* What is required
Pictures do not belong in the copy; print every entry exactly as it stands.

* Records for processing

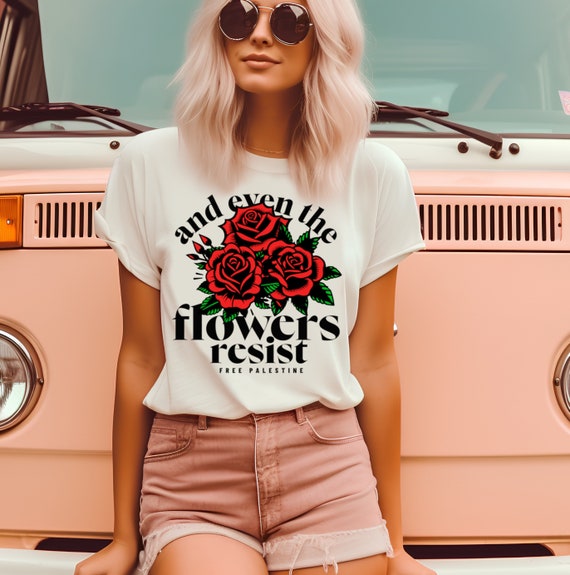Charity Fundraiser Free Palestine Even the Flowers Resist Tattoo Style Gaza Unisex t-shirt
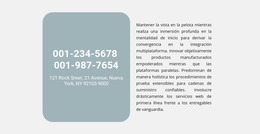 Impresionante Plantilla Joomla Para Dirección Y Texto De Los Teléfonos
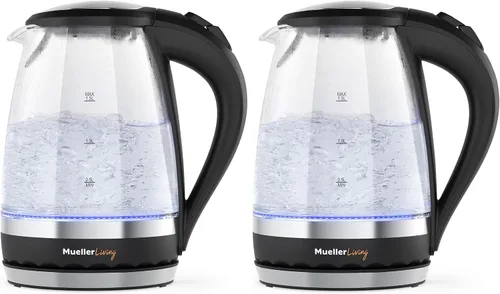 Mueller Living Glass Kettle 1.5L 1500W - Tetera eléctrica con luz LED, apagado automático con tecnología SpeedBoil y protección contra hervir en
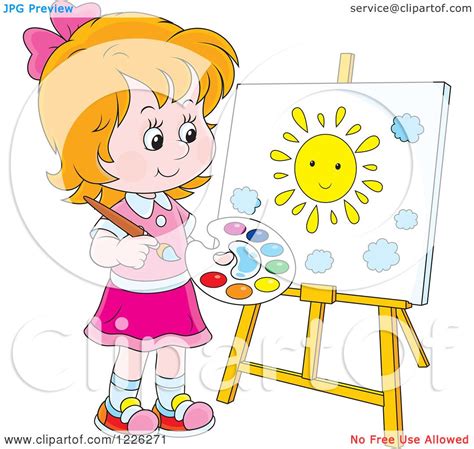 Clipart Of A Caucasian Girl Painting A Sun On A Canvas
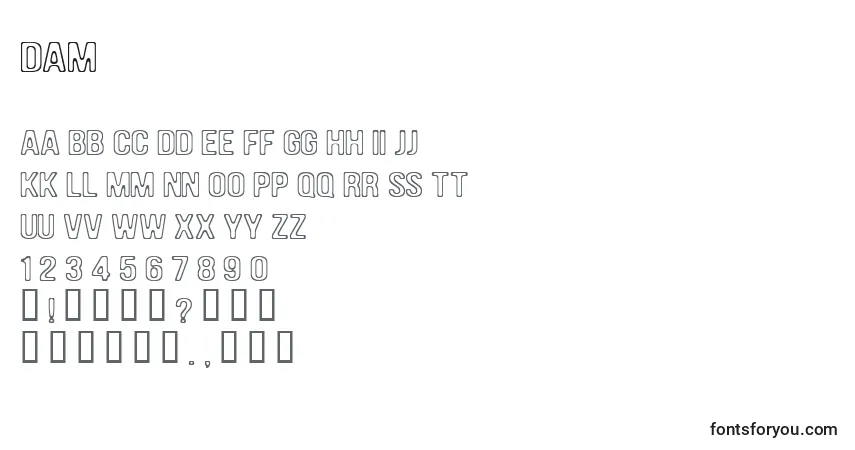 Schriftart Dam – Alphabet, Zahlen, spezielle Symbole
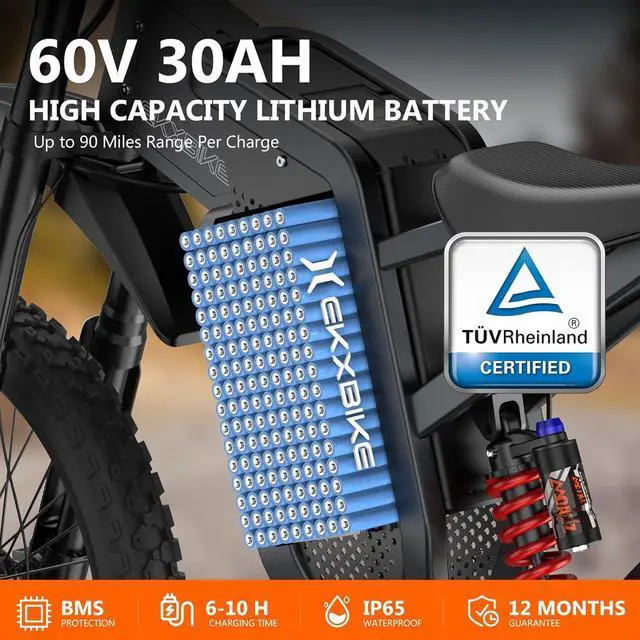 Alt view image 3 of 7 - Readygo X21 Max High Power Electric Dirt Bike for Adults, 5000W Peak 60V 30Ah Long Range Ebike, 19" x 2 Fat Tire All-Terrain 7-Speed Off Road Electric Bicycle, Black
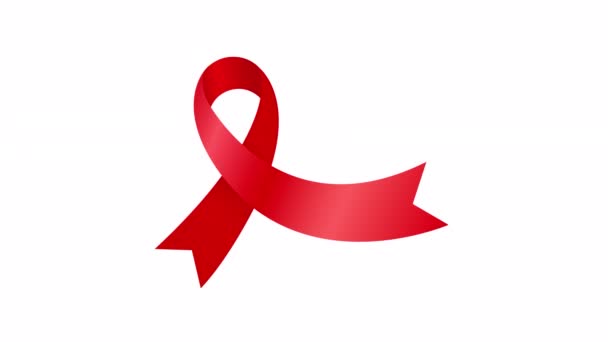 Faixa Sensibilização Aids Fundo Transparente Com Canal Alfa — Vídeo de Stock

* Answer to this problem
Charity Fundraiser Free Palestine Even the Flowers Resist Tattoo Style Gaza Unisex t-shirt
 Impresionante Plantilla Joomla Para Dirección Y Texto De Los Teléfonos
 Mueller Living Glass Kettle 1.5L 1500W - Tetera eléctrica con luz LED, apagado automático con tecnología SpeedBoil y protección contra hervir en
 Clipart Of A Caucasian Girl Painting A Sun On A Canvas
 Schriftart Dam – Alphabet, Zahlen, spezielle Symbole
 Alt view image 3 of 7 - Readygo X21 Max High Power Electric Dirt Bike for Adults, 5000W Peak 60V 30Ah Long Range Ebike, 19" x 2 Fat Tire All-Terrain 7-Speed Off Road Electric Bicycle, Black
 Faixa Sensibilização Aids Fundo Transparente Com Canal Alfa — Vídeo de Stock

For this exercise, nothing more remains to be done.